BRUSSELS: The EU is working towards fresh sanctions on Iran after collecting "sufficient evidence" it is supplying Russia with deadly drones for use in Ukraine, a spokeswoman said on Wednesday.
"Now that we have gathered our own sufficient evidence work is ongoing in the (European) Council in view of a clear, swift and firm EU response," said Nabila Massrali, spokeswoman for EU foreign policy chief Josep Borrell.
EU diplomats told AFP there was work under way on Wednesday to draw up a list of Iranian individuals and entities linked to the drones who would be added to the bloc's sanctions blacklist.
One diplomat said it was expected that the list would be finalised in time for a meeting of European leaders starting late Thursday.
The EU on Monday imposed its last round of sanctions on Iran over the death of Mahsa Amini, a 22-year-old who was grabbed by the country's "morality police", and the regime's subsequent repression of protests that triggered.
Those sanctions targeted the "morality police" and other security forces, as well as the country's telecommunications minister Issa Zarepour, held responsible for internet blackouts in Iran.
Ukraine has for weeks been accusing Iran of supplying Russia with Shahed-136 drones -- unmanned aircraft equipped with a warhead -- for attacks, and urged EU sanctions.
Borrell on Monday, after an EU foreign ministers' meeting focused on the war in Ukraine, said evidence was still being gathered on the alleged Russian use of Iranian drones.

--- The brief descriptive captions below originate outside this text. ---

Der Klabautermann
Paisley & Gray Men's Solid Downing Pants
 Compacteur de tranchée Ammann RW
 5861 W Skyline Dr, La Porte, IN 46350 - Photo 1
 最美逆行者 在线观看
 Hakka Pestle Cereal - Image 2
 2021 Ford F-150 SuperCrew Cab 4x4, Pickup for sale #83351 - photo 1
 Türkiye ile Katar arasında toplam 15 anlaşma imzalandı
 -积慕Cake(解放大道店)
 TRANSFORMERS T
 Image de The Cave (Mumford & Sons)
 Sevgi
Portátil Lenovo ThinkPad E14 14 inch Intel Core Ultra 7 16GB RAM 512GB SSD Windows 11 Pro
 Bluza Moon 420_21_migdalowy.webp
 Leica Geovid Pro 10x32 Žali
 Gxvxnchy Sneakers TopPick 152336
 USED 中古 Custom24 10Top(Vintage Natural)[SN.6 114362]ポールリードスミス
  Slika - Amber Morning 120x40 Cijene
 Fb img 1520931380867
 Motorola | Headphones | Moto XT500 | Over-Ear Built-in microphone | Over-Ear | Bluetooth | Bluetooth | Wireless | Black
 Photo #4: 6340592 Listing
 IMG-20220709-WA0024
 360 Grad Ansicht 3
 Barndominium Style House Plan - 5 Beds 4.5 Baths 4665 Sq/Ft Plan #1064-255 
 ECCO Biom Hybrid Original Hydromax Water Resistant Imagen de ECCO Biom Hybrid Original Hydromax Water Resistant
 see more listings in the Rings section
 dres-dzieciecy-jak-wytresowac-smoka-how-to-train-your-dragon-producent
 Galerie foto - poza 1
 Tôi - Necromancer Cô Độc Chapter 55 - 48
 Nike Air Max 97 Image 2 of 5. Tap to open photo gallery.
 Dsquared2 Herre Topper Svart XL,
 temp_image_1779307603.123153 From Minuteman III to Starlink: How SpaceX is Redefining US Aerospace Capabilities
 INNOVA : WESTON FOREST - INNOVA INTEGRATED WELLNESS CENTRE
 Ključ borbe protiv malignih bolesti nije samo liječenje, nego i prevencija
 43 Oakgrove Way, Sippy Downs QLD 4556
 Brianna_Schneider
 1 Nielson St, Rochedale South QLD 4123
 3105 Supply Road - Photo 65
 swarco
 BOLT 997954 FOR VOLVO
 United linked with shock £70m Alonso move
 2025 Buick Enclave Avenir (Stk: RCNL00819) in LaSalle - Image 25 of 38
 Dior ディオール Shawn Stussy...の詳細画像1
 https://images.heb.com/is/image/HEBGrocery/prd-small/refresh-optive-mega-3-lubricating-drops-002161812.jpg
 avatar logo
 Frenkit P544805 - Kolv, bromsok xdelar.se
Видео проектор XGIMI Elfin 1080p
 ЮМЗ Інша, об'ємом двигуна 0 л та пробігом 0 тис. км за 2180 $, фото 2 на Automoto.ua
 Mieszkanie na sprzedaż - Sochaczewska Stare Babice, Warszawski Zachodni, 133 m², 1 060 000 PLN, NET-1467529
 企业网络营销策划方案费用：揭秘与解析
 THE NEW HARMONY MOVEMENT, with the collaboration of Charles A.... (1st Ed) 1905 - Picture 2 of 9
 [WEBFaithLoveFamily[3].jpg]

He noted that Iran has denied supplying the drones to Russia. If proven, such transfers could violate a UN resolution prohibiting Iran from exporting certain weapons.
Russia, too, has issued a denial. The Kremlin on Tuesday said it had "no information" of its forces using Iranian drones and said only "Russian tech is used".
The hardening EU stance towards Tehran appeared to bury deeper hopes of reviving a 2015 Iran nuclear deal, which has been eroded since then-president Donald Trump withdrew US support in 2018.
Borrell has over the past year and half been in charge of coordinating efforts, so far unsuccessfully, to bring the US and Iran back into full compliance with the accord, which aims to curb Iran's nuclear programme.